I've only been a hardcore CIS nut for 11, 12 years, so my historical perspective is lacking, but it's hard to remember an offensive star who had a harder time getting his due as a great player. There have been plenty who shone despite being on losing teams -- look at Matt Connell at McGill, or Mount A's all-purpose wideout Gary Ross -- but no one questions them.

With Stephenson, it's like he had a few strikes against him from the get-go.
  1. The next great running back in the OUA after the dynamic duo of Andre Durie and Jesse Lumsden was bound to suffer in comparison.
  2. Stephenson was a player out of London who passed up the traditionally strong team in his hometown, Western, to go to Windsor. No doubt some view him as someone who should been a Mustang.
  3. Thirdly, his highly contentious selection as the Hec Crighton Trophy winner in 2006 was the eighth straight for a player for an Ontario-based school, which was understandably hard to take for fans elsewhere in the country, especially given well-founded questions about the calibre of some OUA programs.
It's hard to see where any of that was Stephenson's doing.

On the first count, there is no way to definitively figure out how he compared to Lumsden (Durie was just from another planet). What is known is that Lumsden, while far from being a product of McMaster's system, at various times had four offensive linemen who went on to the CFL -- Fabio Filice, Matt O'Meara, Ryan Donnelly, Kyle Koch -- blocking for him. That's four more future CFLers than Stephenson has had blocking for him at Windsor.

Secondly, like it or not, a student-athlete's choice of school is her/his own business. Some Western fans probably didn't take it well when Stephenson went elsewhere, but he wasn't the first, nor is he the last, young person who had an opportunity to play a CIS sport and decided to do it at a university a couple of hours away from home rather than in his own backyard.

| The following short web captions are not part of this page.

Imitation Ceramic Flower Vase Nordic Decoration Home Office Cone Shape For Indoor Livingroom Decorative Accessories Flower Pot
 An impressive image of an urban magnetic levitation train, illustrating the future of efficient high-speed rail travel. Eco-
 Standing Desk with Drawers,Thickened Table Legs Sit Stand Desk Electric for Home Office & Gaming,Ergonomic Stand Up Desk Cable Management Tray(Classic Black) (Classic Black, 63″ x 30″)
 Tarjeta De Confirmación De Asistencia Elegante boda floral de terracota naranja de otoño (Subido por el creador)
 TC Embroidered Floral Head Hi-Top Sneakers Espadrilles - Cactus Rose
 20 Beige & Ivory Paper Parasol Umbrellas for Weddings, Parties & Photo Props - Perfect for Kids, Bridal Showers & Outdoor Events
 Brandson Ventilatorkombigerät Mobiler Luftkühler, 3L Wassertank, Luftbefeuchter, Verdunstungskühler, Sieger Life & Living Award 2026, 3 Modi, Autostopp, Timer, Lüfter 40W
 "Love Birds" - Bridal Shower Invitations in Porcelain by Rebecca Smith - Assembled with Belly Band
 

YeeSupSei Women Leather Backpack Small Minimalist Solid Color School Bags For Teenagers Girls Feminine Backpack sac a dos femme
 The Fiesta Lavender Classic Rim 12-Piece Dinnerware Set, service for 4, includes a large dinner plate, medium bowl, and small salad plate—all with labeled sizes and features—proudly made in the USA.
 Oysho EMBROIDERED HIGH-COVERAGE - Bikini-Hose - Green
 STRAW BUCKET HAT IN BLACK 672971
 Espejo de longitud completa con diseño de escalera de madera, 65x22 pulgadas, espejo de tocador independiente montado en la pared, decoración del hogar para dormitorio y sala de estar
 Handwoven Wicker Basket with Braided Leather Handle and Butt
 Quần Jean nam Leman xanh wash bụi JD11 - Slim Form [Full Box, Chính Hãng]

From a football standpoint, it also made sense. Western, in the winter of 2003-04, had two excellent tailbacks -- D.J. Bennett, who was going into his third season, and sophomore-to-be Randy McAuley. The Mustangs also had Andy Fantuz at receiver. Meantime, Windsor was offering to build its running game around Stephenson. Anyone who had spent his football life carrying the ball probably would have taken the latter.

As for the 2006 Hec, it's hard to begrudge anyone personally for winning an award. Applaud the honouree, but argue for a different way to decide the honour.

None of the above should diminish Stephenson's feat in anyone's mind. He's kept his head up through thick and thin and been loyal to the Lancers. In a year when several teams have fifth-year transfers, he returned to a team which was 2-6 in 2007 to begin work on a masters' degree. That's not meant to slight anyone else, but it says a lot for him. Like one of the devotees at said tonight, he's risen above some tough times for his team, one carry at a time:
5 years of pounding and devotion to this program won't ever be forgotten. say what you will, but far too often he's been a one man show for windsor.... as he was again tonight.
One truth in life is that if your head can hit the pillow with the feeling you gave the best you could that day, then you're worthy.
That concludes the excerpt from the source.